Destaca-se que, à época, o sistema de avaria grossa não atendia às demandas dos mercados globalizados e transnacionais. Como resultado, as disparidades nas decisões dos Tribunais de diferentes jurisdições sobre o que era permitido ou não nesse contexto contribuíram para um movimento crescente em favor de um sistema uniforme e abrangente para regular a avaria grossa. 

Ao longo da evolução histórica e a implementação de diversas leis que regem as regras da avaria grossa, surgiram diferenças entre a jurisprudência inglesa e da Europa Continental após meados do século XIX. Essas discrepâncias tornaram-se preocupantes, levando a um primeiro passo para integrar as regras da avaria grossa visando resolver questões do cenário internacional. 

Com isso, em 1860, foram estabelecidas as primeiras 11 regras relacionadas à avaria grossa, conhecidas como Glasgow Rules. Posteriormente, em 1864, deu-se início ao projeto de código da avaria grossa, que resultou na redação das regras de York. Após uma revisão, essas regras evoluíram para a criação das Regras de York-Antuérpia de 1877. 

Em 1924, as Regras Letradas de A a G foram adicionadas às Regras de York-Antuérpia, representando disposições gerais, definindo a avaria grossa ou comum através dos princípios ali expostos. Enquanto as Regras Numeradas em algarismos romanos foram modificadas para atender às exigências comerciais e técnicas em expansão, dispondo de exemplos específicos a respeito dos sacrifícios e despesas que devem ser rateados na avaria grossa, bem como sobre valores contributivos. 

As Regras de York-Antuérpia foram revisadas em diversas ocasiões subsequentes, sendo em 1950, 1974, 1990, 2004 e 2016, visando se adequarem às mudanças e avanços nos setores marítimos e de seguros. 

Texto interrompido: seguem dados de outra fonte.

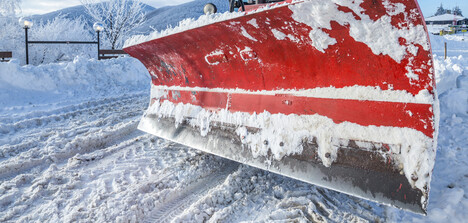 Picture of a snowplow blade clearing a roadway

De uma forma geral, as Regras atuais sobre o instituto servem para especificar que todas as partes envolvidas em uma aventura marítima devem compartilhar proporcionalmente quaisquer perdas resultantes de sacrifícios feitos à carga para salvar o restante. 

Com efeito, em que pese as longínquas fontes do Direito Marítimo, torna-se evidente a necessidade de evolução dos institutos visando regular situações que aumentam em complexidade na medida em que o processo de globalização foi acelerado e as relações comerciais e o transporte na via marítima seguiram tendo um papel de vanguarda no comercio internacional. 

Justamente nesse sentido que, de forma muito benéfica ao direito marítimo internacional e a todos os consumidores do transporte marítimo e do comércio internacional, verificou-se a necessidade de codificar de forma uniforme o instituto da avaria grossa. Nesse sentido, as Regras de York-Antuérpia (YAR), que regulam internacionalmente as avarias por meio de um documento voluntário, passaram a ter caráter obrigatório entre os países signatários e aos contratantes de transporte marítimo – visto que são amplamente adotadas pelos contratos internacionais – e representaram um relevantíssimo avanço não apenas para este ramo do direito, mas também para a economia mundial. 

Vale aqui um destaque final acerca da aplicação das Regras de York-Antuérpia no contexto jurídico brasileiro. De acordo com o art. 7622 do Código Comercial Brasileiro, quando a lei brasileira for aplicável, a regulamentação da avaria grossa seguirá as disposições do Código. Nesse sentido, as Regras de York-Antuérpia serão utilizadas apenas em caráter subsidiário, se forem acordadas entre as partes envolvidas.


1 Para mais jurisprudência a respeito da avaria grossa, acessar o Livro de Jurisprudência Marítima aqui.

2 Art. 762 – Não havendo entre as partes convenção especial exarada na carta partida ou no conhecimento, as avarias hão de qualificar-se, e regular-se pelas disposições deste Código.